USIA agency spreads Kosovo news abroad

The World Wide Web's leading news sources, such as the online versions of the major newspapers and CNN, provide a deluge of articles about the crisis in Kosovo. A number of Defense Department sites also provide information on certain aspects of operations. But those sites are not the only news sources available.

Another federal agency is posting information about the conflict on its Web site, but that agency will not disclose its Web address to the American public.

The U.S. Information Service, part of the U.S. Information Agency, maintains its site for U.S. citizens abroad, not domestic viewers. And Congress, fearful that the agency would be seen as propagandizing a domestic audience in the United States, prohibits the agency from directing U.S. citizens toward the information the agency disseminates, although the site is available to all Internet users.

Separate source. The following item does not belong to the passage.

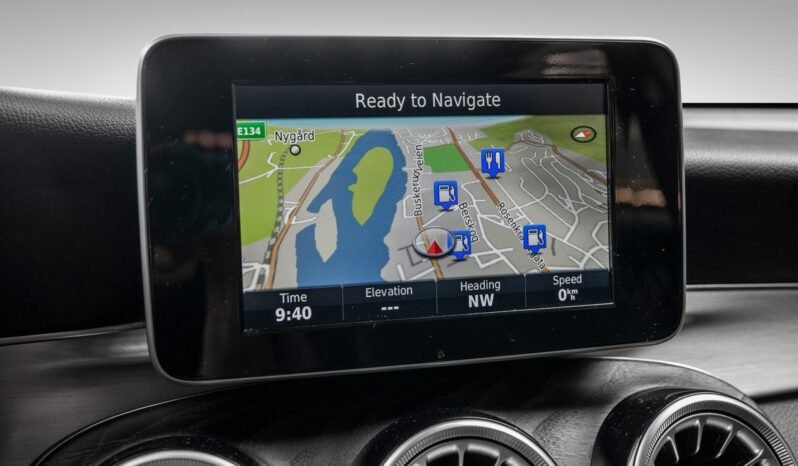 
								Mercedes-Benz GLC 220d 4MATIC – AMG full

The site, at, serves as a cornucopia of official speeches, policy statements, government reports, transcripts and agency-generated news stories on a host of issues, ranging from the Kosovo conflict to the Year 2000 computer conversion problem.

Page designers made sure the site is not too graphics-intensive, to aid overseas readers who may not have very fast Internet connections.

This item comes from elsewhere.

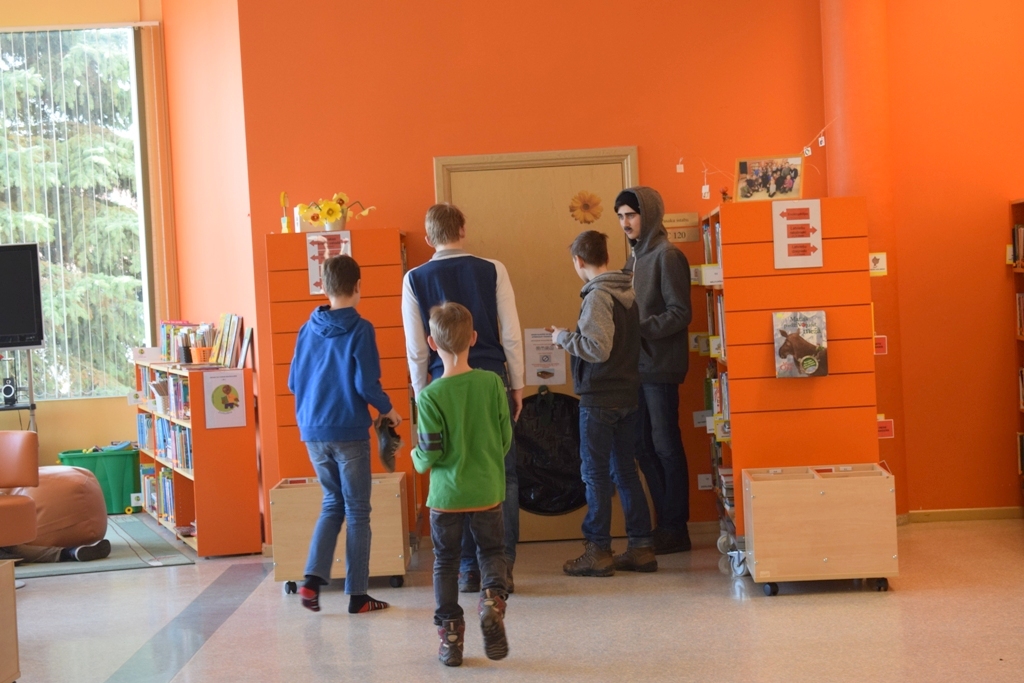 Izlaušanās istaba bibliotēkā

The primary audience for the site is U.S. embassies overseas, according to Chip Harman, one of the Webmasters for USIA. Harman said embassy staffs rely on the site for carrying out public relations and other functions within their host countries.

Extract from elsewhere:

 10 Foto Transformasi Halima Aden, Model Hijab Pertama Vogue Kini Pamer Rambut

Harman also said he sends regular e-mail updates to Webmasters at embassies. The updates let them know what is new on the site and enable them to put fresh links up on the home pages of their individual embassies.

The secondary audience, according to Harman, is "anyone else who might be interested" in U.S. policy. And there are plenty of folks who are interested in what U.S. officials think and do. The site, which is hosted by Netscape Communications Corp. server software, Oracle Corp. database software and two Sun Microsystems Inc. Solaris servers, receives about 250,000 hits per week, Harman said.

At the moment, about 3,500 of those hits are for the "Current Issues" section of the site. That section now focuses on the Kosovo situation and includes official government press releases, information for getting on a Kosovo-related e-mail news list, statements by U.S. allies' officials and a video clip of a speech President Bill Clinton addressed to the people of the former Republic of Yugoslavia.

Harman said that during the recent NATO military mission in Kosovo, traffic for the "Current Issues" section shot upward from the usual rate of about 2,000 page views per week. Kosovo has been the headline topic on the site since February, and the Kosovo page gets updated about three times a day, according to Harman.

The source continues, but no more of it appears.